#### What to work on:
What is needed is an exact copy of the records below, minus any pictures.

#### Extracted records:
* * *
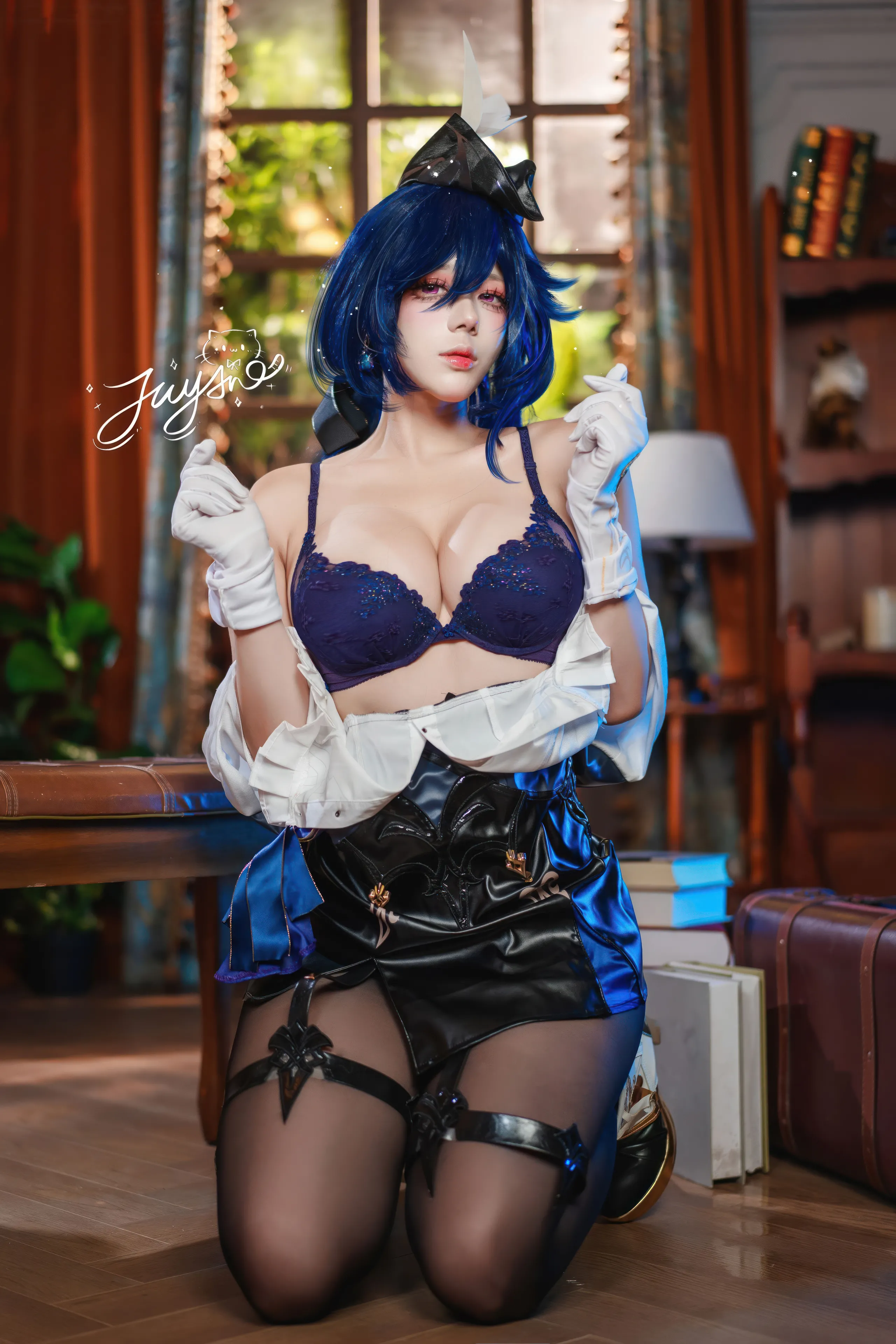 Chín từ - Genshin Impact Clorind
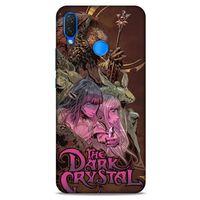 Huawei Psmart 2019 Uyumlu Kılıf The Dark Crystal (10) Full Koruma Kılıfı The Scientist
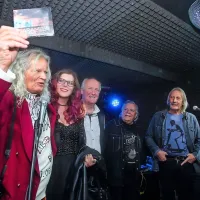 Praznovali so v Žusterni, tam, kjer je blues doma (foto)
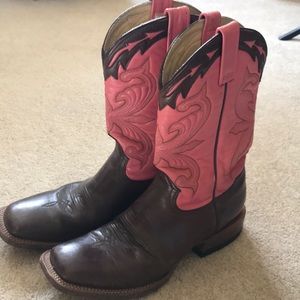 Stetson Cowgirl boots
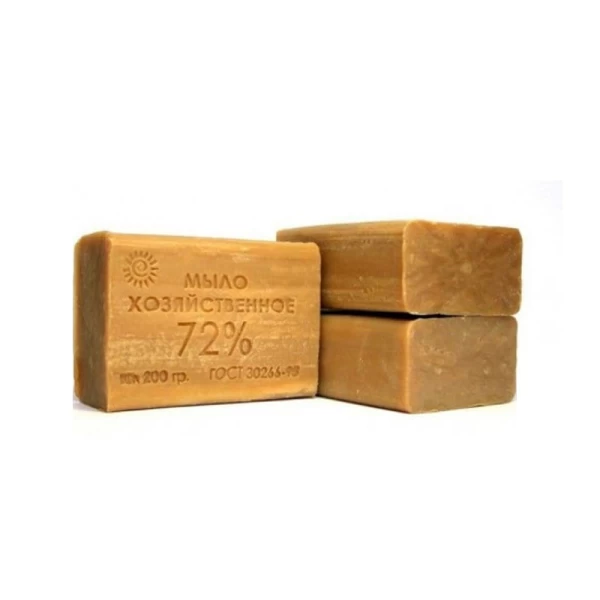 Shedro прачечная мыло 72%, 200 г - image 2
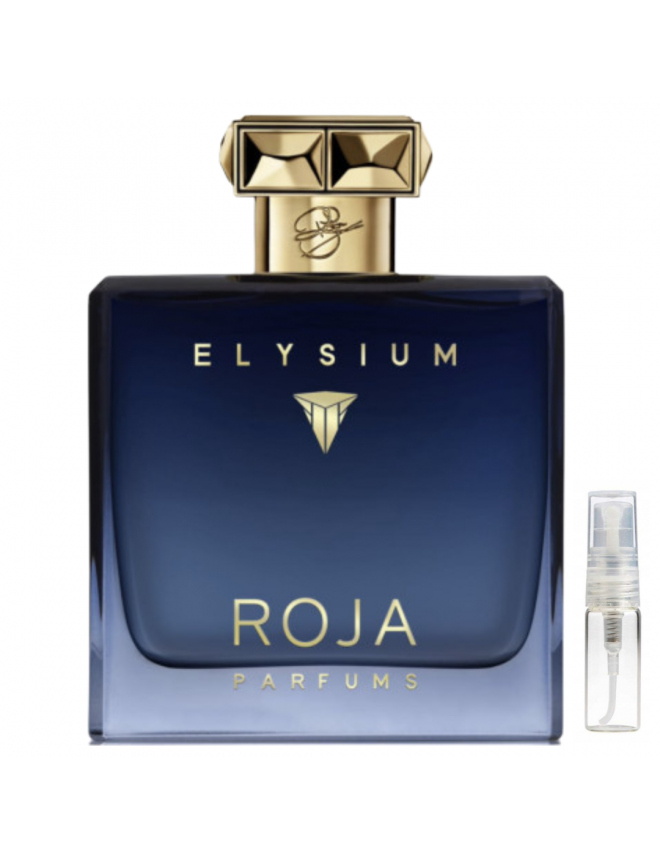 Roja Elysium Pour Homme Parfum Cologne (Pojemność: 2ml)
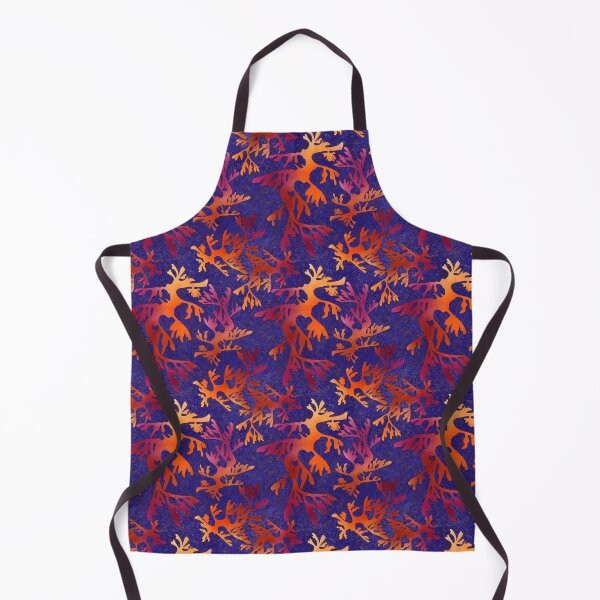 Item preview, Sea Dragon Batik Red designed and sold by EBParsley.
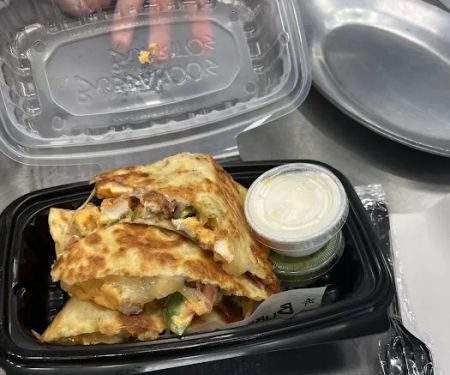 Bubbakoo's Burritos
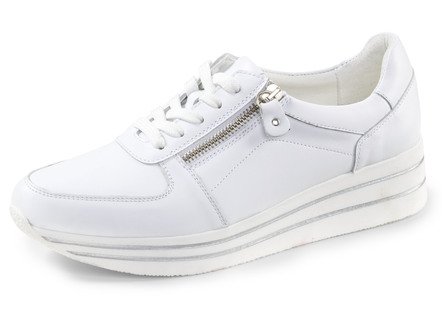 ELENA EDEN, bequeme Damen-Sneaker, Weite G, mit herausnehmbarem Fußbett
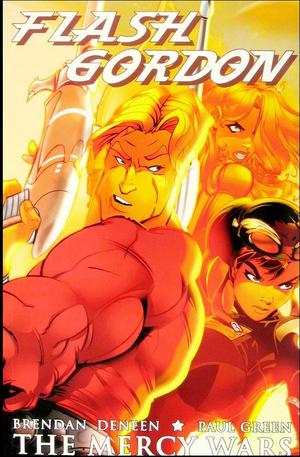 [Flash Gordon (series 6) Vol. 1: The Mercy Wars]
* * *
#### Answer space:
 Chín từ - Genshin Impact Clorind
 Huawei Psmart 2019 Uyumlu Kılıf The Dark Crystal (10) Full Koruma Kılıfı The Scientist
 Praznovali so v Žusterni, tam, kjer je blues doma (foto)
 Stetson Cowgirl boots
 Shedro прачечная мыло 72%, 200 г - image 2
 Roja Elysium Pour Homme Parfum Cologne (Pojemność: 2ml)
 Item preview, Sea Dragon Batik Red designed and sold by EBParsley.
 Bubbakoo's Burritos
 ELENA EDEN, bequeme Damen-Sneaker, Weite G, mit herausnehmbarem Fußbett
 [Flash Gordon (series 6) Vol. 1: The Mercy Wars]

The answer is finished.